“Life is like a 10-speed bike. We all have gears we never use.”
If you’ve been reading this blog for a while, you know that one of my themes is
how we can fruitfully apply lessons from outstanding performers in other disciplines — whether artists, musicians, or athletes — to our writing. With this in mind, I’m always on the lookout for tips that we all might be able to use. That’s why I was excited when I saw the headline, “How to Push Past the Pain, as the Champions Do” in the Health section of The New York Times.
The article did not disappoint! While we’re not dealing with extreme physical pain in our line of work (well, maybe a sore butt from sitting too much!), advice on pushing past self-imposed limits is definitely worth paying attention to. How do elite athletes keep going when their bodies are screaming, “Stop!”? Can anyone push themselves to the edge of their capabilities or is this ability reserved for top performers? Here’s what experts and accomplished athletes say:
If you think you can, you can: Mental tenacity — not sheer stamina — is key to the ability to manage and push past physical limits. “The mentality was I will do whatever it takes to win,” said one marathon winner. “I was totally willing to have the worst pain. I was totally willing to do whatever it takes to win the race.”

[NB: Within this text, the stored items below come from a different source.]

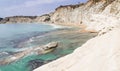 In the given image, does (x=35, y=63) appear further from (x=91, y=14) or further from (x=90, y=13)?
(x=90, y=13)

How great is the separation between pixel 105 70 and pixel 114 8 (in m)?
50.9

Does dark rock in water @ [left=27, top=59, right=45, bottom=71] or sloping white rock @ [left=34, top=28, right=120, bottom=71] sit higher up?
sloping white rock @ [left=34, top=28, right=120, bottom=71]

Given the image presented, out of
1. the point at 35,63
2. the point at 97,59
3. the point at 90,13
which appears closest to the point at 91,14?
the point at 90,13

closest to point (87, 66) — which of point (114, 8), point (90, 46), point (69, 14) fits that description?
point (90, 46)

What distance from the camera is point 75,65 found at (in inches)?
431

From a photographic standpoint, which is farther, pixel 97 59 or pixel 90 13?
pixel 90 13

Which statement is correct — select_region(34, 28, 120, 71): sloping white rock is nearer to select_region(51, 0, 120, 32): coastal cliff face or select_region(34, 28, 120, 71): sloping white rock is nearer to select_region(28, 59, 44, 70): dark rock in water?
select_region(28, 59, 44, 70): dark rock in water

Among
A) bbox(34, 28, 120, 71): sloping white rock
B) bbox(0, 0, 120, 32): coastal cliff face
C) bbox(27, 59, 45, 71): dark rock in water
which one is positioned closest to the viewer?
bbox(34, 28, 120, 71): sloping white rock

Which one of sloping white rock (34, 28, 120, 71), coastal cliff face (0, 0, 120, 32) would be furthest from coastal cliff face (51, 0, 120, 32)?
sloping white rock (34, 28, 120, 71)

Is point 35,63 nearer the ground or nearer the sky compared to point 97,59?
nearer the ground

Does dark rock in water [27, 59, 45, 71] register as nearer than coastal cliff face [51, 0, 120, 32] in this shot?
Yes

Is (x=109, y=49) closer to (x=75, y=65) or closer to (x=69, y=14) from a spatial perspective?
(x=75, y=65)

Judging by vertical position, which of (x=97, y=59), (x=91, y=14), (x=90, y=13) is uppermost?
(x=97, y=59)

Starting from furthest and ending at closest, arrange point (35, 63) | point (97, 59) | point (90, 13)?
1. point (90, 13)
2. point (35, 63)
3. point (97, 59) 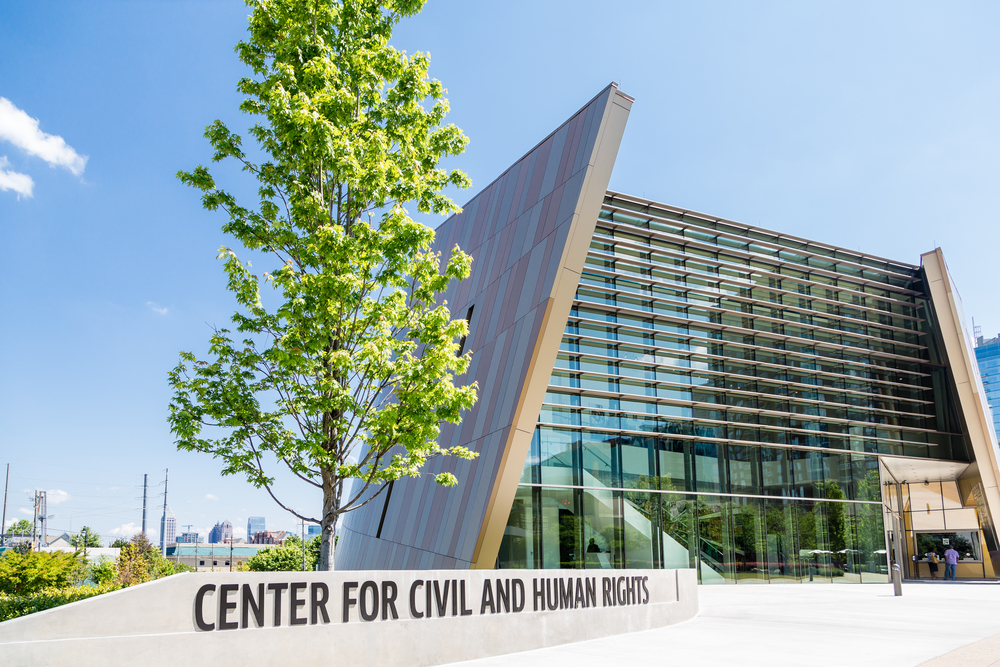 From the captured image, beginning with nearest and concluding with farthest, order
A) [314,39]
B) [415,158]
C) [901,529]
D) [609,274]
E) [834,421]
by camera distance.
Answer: [314,39] → [415,158] → [609,274] → [834,421] → [901,529]

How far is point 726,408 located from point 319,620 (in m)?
18.7

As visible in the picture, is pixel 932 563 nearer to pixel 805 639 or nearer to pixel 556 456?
pixel 556 456

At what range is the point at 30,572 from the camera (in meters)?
27.6

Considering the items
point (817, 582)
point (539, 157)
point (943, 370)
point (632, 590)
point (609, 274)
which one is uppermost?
point (539, 157)

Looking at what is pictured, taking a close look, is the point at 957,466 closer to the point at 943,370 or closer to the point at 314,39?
the point at 943,370

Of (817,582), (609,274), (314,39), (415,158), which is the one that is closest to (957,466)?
(817,582)

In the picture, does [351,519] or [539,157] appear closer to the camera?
[539,157]

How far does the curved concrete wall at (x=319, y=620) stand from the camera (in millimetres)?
6184

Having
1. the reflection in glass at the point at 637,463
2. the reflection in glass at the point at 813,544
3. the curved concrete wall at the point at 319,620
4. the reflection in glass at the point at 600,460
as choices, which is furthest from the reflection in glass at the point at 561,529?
the reflection in glass at the point at 813,544

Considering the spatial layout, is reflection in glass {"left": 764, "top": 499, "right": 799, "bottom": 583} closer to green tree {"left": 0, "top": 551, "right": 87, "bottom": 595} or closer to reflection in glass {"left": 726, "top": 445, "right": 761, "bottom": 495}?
reflection in glass {"left": 726, "top": 445, "right": 761, "bottom": 495}

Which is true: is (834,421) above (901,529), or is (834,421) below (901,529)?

Accept the pain as the price for improving: As athletes hone their skills, things don’t get any easier; they have to train constantly and still cope with pain. But their ability to accept this reality — to embrace it instead of fighting it — is what allows them to improve their performance. They feel the pain and do it anyway — and that energizes them.
Fight through fatigue: To keep going and motivate themselves, elite athletes have to resist the feeling that they are too tired; instead they have to push into a higher gear rather of pulling back. They actually overcome their fatigue by concentrating on increasing the intensity of their effort. And they have to learn to pace themselves: to find the balance between pushing too hard and underperforming.
Something to think about in the coming week!